Russia Sentences Ukrainian Captives To Up To 23 Years
Mohammad Ali (@ChaudhryMAli88) Published March 26, 2025 | 03:40 PM

Moscow, (APP - UrduPoint / Pakistan Point News - 26th Mar, 2025) A Russian court on Wednesday sentenced a group of Ukrainians -- including soldiers and ex-soldiers -- taken captive at the start of Moscow's offensive to prison terms of up to 23 years on terrorism and other charges.
Russia is putting on trial hundreds of captured Ukrainian fighters on criminal charges and has also moved a number of civilians into Russia after taking them prisoner in occupied Ukrainian territory.
Twelve of the Ukrainians sentenced Wednesday were in Russian custody, while an additional 11 were handed their terms in absentia because they have been exchanged for Russian captives.
A military court in the southern city of Rostov-on-Don handed down terms ranging from 13 to 23 years, to be served in penal colonies with the harshest regimes, the Prosecutor-General's Office said.
The convictions were the latest sentences imposed on current and former members of Ukraine's Azov brigade which Russia banned in August 2022 as an "terrorist and extremist" organisation.
The head of the Investigative Committee, Alexander Bastrykin, said earlier this month that Russia has convicted 145 members of Azov.
The Azov brigade was founded in Mariupol in 2014 as a paramilitary unit with ties to far-right nationalist groups, but is now part of the National Guard.

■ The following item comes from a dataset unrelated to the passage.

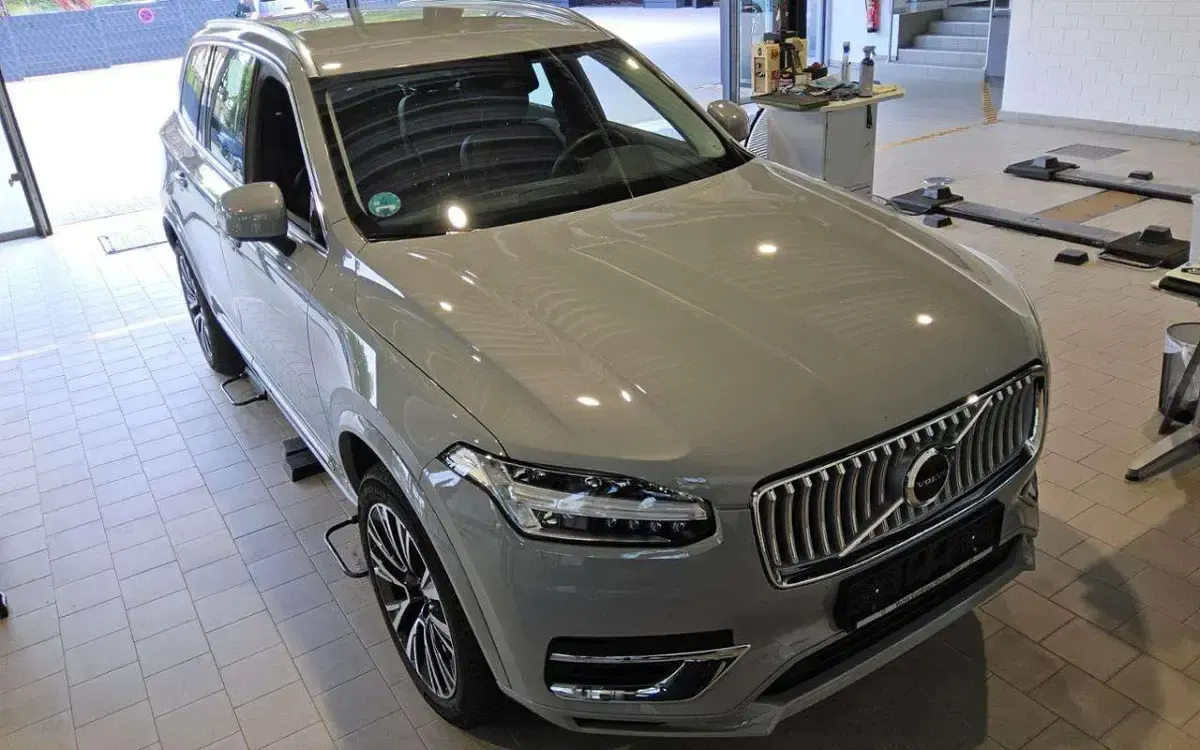 Gebraucht Volvo XC90 Core 454 PS (333 kW) 2024 Grau SUV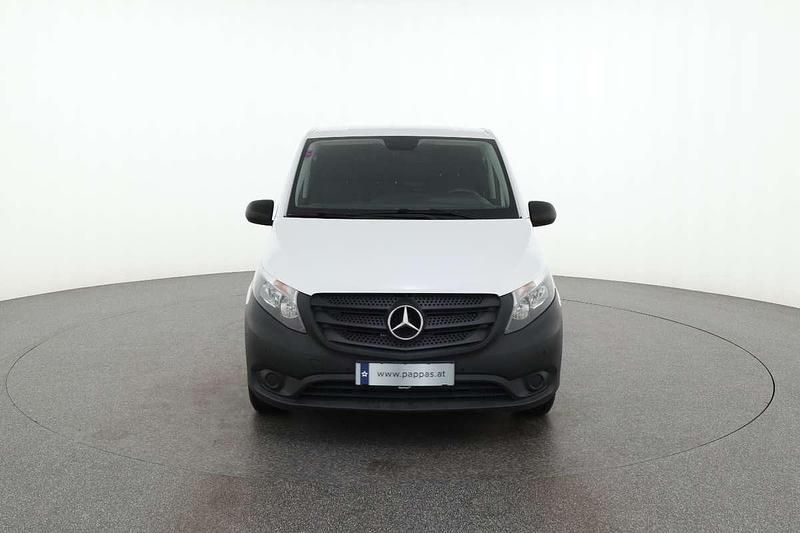 Gebraucht Mercedes Vito 163 PS (119 kW) 2021 Weiß Van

The unit is blasted by Russia as a group of neo-Nazis and ultranationalists, but the United States lifted a ban on supplying Azov with weapons last year, saying it found no evidence of current rights violations.
The prisoners convicted Wednesday were charged with taking part in a terror organisation and trying to overthrow Russian authorities -- despite not living in Russian territory before their arrest.
The men were brought into court in shackles, wrote Mediazona website, which reports on trials.
In emotional statements in court last week, they described being beaten and tortured in captivity.
The group were mostly captured during the 2022 siege of the city of Mariupol in eastern Ukraine and initially imprisoned in the separatist stronghold of Donetsk.
All of them served in the Azov special forces brigade at various points in time. But some had left the military or worked in civilian roles supporting the army such as cooks or plumbers.
The Azov brigade has near cult-status in Ukraine, elevated by its weeks-long defence of the Azovstal steel plant in Mariupol at the start of the conflict.
The group was originally 24 people but 11, including nine women, were exchanged in prisoner swaps.
One man, Oleksandr Ishchenko, died in custody last year. Russia said the cause of death was heart problems but analysis of his body in Ukraine found that he had suffered multiple rib fractures and blunt chest trauma.